4.3.5 Chain Rule and Backpropagation Preview

Diagram of chain rule computation graph and backpropagation

This section is the bridge between mathematics and deep learning

The chain rule explains a core question: For a neural network with hundreds of layers, how do we compute the derivative of the loss function with respect to each parameter? The answer is backpropagation — in essence, it is the systematic application of the chain rule.

Learning Objectives

Understand the chain rule — how to differentiate composite functions
Manually derive backpropagation for a simple two-layer network
Understand computation graphs — why PyTorch needs them
Get ready for deep learning in Station 6

First, set a very important learning expectation

This section is one of the easiest places in Station 4 to make newcomers feel overwhelmed. So what you should focus on first in this section is not every formula, but:

A complex network is still just many simple steps linked together
Backpropagation is not a mysterious algorithm; it is the chain rule applied layer by layer
PyTorch’s backward() is essentially helping you do this automatically

First, build a map

This lesson is the bridge from Station 4 to deep learning in Station 6.
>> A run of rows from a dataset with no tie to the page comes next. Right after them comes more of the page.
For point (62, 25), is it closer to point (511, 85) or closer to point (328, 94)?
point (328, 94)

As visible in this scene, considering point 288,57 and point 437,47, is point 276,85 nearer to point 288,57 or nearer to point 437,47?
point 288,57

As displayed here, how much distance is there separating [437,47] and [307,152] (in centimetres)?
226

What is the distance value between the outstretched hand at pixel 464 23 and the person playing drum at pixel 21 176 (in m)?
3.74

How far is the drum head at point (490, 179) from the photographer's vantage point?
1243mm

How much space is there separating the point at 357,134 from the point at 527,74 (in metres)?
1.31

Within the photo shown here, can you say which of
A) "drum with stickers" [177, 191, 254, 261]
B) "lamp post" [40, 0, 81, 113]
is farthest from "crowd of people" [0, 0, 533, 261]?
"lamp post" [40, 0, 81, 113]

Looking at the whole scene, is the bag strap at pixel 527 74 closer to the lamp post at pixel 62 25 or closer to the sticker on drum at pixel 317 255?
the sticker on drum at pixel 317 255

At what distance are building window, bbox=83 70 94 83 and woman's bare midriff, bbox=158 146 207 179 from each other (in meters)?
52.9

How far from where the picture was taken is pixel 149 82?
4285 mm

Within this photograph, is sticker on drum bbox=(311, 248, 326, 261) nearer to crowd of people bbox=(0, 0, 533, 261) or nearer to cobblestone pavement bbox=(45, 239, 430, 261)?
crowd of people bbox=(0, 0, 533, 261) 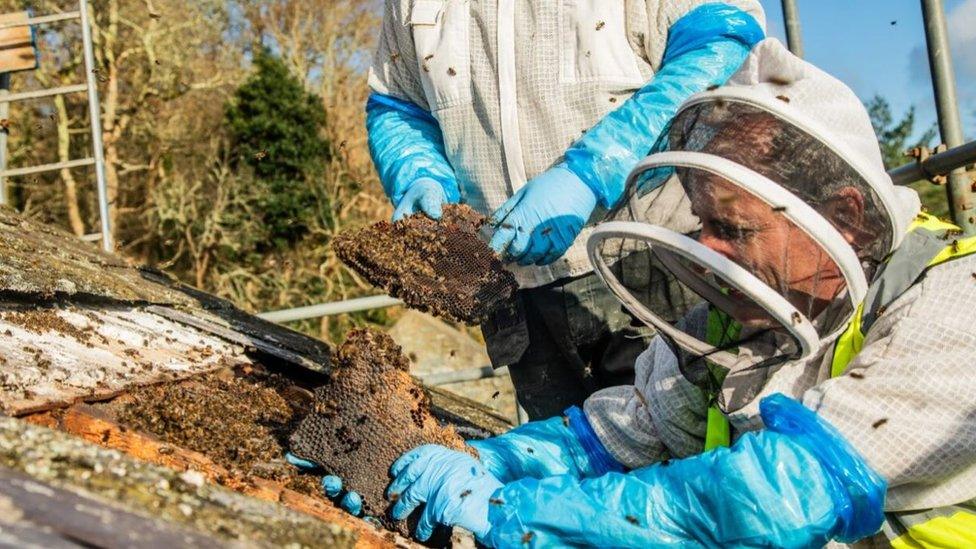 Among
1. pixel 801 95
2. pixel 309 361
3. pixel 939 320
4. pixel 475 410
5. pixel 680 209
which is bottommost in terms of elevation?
pixel 475 410

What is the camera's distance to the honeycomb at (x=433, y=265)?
3.90 m

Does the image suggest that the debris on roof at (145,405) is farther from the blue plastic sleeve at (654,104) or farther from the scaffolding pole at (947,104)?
the scaffolding pole at (947,104)

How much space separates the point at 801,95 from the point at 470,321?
156 cm

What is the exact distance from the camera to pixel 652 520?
2814mm

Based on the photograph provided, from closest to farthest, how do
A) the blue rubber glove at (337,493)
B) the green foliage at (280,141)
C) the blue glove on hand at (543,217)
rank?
1. the blue rubber glove at (337,493)
2. the blue glove on hand at (543,217)
3. the green foliage at (280,141)

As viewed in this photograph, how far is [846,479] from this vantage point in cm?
266

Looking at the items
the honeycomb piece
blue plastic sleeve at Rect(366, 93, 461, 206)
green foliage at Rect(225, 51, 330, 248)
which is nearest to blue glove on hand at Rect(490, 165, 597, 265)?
blue plastic sleeve at Rect(366, 93, 461, 206)

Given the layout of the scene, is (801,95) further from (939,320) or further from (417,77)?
(417,77)

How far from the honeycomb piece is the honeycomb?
0.72 m

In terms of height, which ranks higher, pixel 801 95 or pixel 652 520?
pixel 801 95

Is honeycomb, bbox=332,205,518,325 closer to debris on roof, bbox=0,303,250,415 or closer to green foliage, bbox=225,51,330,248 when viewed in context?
debris on roof, bbox=0,303,250,415

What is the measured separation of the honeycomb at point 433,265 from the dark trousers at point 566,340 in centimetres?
54

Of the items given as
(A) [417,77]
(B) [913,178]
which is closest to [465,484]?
(A) [417,77]

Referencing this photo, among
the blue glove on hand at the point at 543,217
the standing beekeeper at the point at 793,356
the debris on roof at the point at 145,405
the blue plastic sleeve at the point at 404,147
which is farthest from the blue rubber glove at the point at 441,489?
the blue plastic sleeve at the point at 404,147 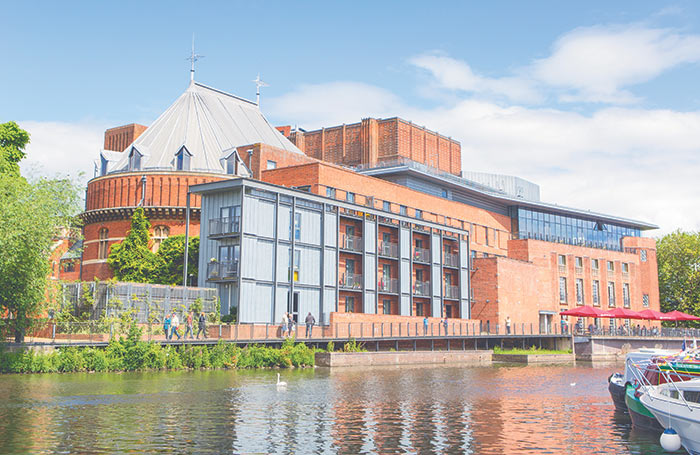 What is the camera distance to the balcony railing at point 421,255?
56697 millimetres

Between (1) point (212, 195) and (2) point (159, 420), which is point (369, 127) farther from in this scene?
(2) point (159, 420)

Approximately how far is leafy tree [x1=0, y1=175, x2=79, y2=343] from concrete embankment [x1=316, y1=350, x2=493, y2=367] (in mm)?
14598

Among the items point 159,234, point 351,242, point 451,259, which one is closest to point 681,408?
point 351,242

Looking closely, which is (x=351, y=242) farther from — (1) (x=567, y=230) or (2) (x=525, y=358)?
(1) (x=567, y=230)

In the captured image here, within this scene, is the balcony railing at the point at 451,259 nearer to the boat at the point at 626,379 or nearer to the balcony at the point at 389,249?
the balcony at the point at 389,249

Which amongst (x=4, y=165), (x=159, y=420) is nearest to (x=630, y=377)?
(x=159, y=420)

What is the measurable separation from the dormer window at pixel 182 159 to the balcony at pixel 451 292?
2373cm

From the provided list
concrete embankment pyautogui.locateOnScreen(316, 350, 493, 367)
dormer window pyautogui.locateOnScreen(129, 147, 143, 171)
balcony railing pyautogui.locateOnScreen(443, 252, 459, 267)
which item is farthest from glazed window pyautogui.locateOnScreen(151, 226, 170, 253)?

Bridge diagram of backpropagation and the chain rule

If what you learned before was:

Derivatives: how one quantity changes
Gradients: how many quantities change together
Gradient descent: how to update parameters

Then what this lesson adds is:

In a many-layer network, how the gradient is actually computed layer by layer

The Chain Rule — the "Peel the Onion" Method

Intuition

If a function has a nested structure — one function wrapped inside another — then its derivative is found by peeling it layer by layer and multiplying the derivatives at each layer.

Chain rule: dy/dx = (dy/du) × (du/dx)

"The rate of change of y with respect to x = the rate of change of y with respect to u × the rate of change of u with respect to x"

A more beginner-friendly analogy

You can first think of the chain rule as a row of gears:

The first gear turns a little
It causes the second gear to turn
The second gear then drives the third

So how the last quantity changes depends on the multiplier for “passing along change” at each intermediate layer.

That is why the core action of the chain rule is:

Break the function apart layer by layer
Multiply the rates of change layer by layer

Everyday intuition

If your salary increases by 10% and prices increase by 5%, how does your real purchasing power change?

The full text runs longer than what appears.